Sounds: As músicas de Interiors foram compostas ao longo do tempo recentes ou foram acumuladas ao longo do tempo, como no caso do Found, do Rival Schools?
Walter: Todas foram compostas no mesmo ano de gravação do disco [2017]. Muitas delas eram jams gravadas em passagens de som. Era importante pra gente sermos contemporâneos. Não queríamos voltar com demos de 20 anos atrás.
Sounds: É engraçado porque Interiors é um disco que ganhou muita força com o passar do tempo. O que você diria que mais te influenciou, musical e pessoalmente, na composição desse disco?
Walter: A experiência de nos reconectar como músicos e nos aproximar como amigos foi nosso guia nesta gravação. É minha parte favorita. Gosto de quem nos tornamos.
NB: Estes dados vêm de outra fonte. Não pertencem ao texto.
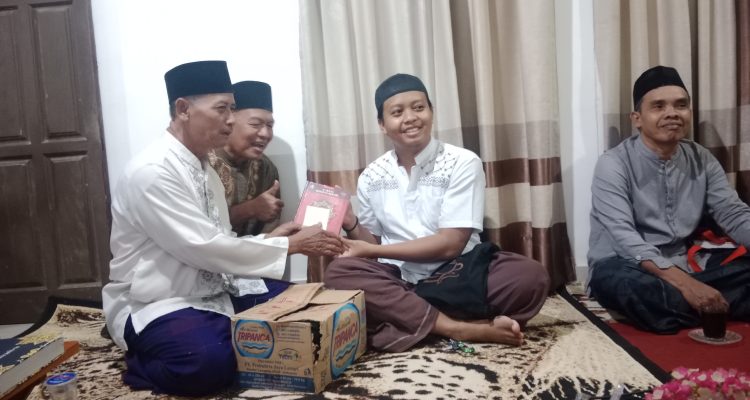 IPHI Kecamatan Gedong Tataan Serahkan Bantuan Alquran Ke TPA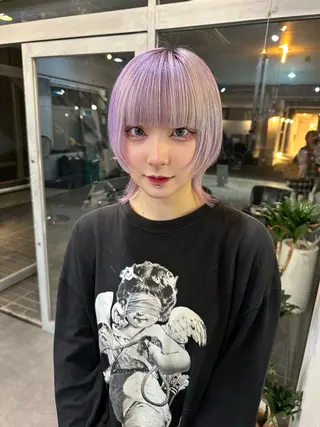 ショート カラー 中性ウルフカット ケアブリーチ/ケイトのヘアスタイル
Sounds: Nos dois primeiros discos seu vocal era mais expurgado e direto. Já no Interiors é um vocal que soa mais limpo, cantado e nos lembra as métricas das músicas do Rival Schools. De fato houve essa mudança ou foi uma impressão nossa, porque a gente imagina que ao longo do tempo você foi agregando elementos com sua experiência.
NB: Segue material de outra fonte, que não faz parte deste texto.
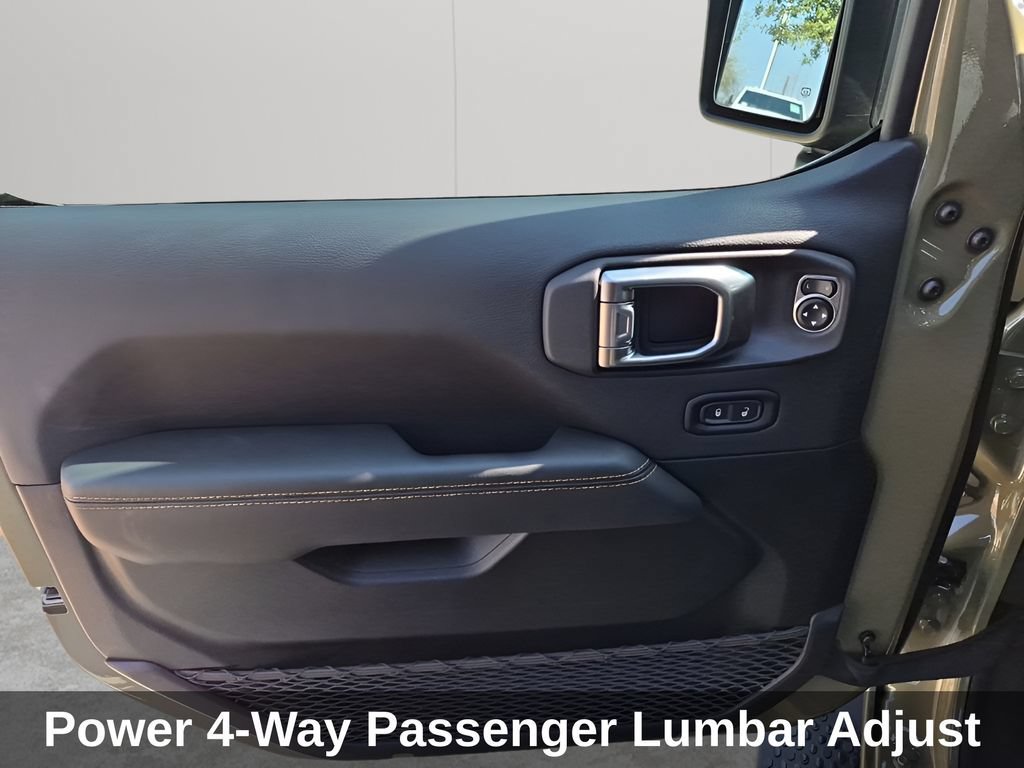 New 2026 Jeep Wrangler Unlimited Sahara AWD/4WD image 27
Walter: Nos primeiros discos do Quicksand eu estava no máximo de força e energia em cada música. Mas este é um ritmo exaustivo e limitador de manter. Ao longo do tempo, aprendi que é possível fazer mais com menos. Desta forma, quando recorro a este vocal expurgado, sinto que é mais autêntico, afetivo e captura mais de perto meus sentimentos.
Sounds: Quando você fez aquele show solo no estúdio Rock Together, percebemos o quanto você parece feliz homenageando músicas e bandas de que você gosta. A gente pode esperar algum cover surpresa pro set list do Brasil?
Walter: Hmm, temos muitas músicas nossas para tocar, mas quem sabe?
Sounds: Ainda sobre o show de Los Angeles, pudemos vê-los como um quarteto. Como tem sido sem o Tom Capone? Que tipo de mudança você tem sentido como banda?
Walter: Tem aspectos que o Tom trouxe para a banda que são únicos. Mas, como um trio, sinto que cruzamos muitos territórios novos que não seriam possíveis se não fosse esta situação, especialmente quanto à nossa habilidade em improvisar e mudar dinâmicas. Nós três somos muito apegados uns aos outros (fomos nós três que gravamos o Interiors) e nunca me diverti tanto com a banda como agora. Não vejo a hora de tocar no Brasil.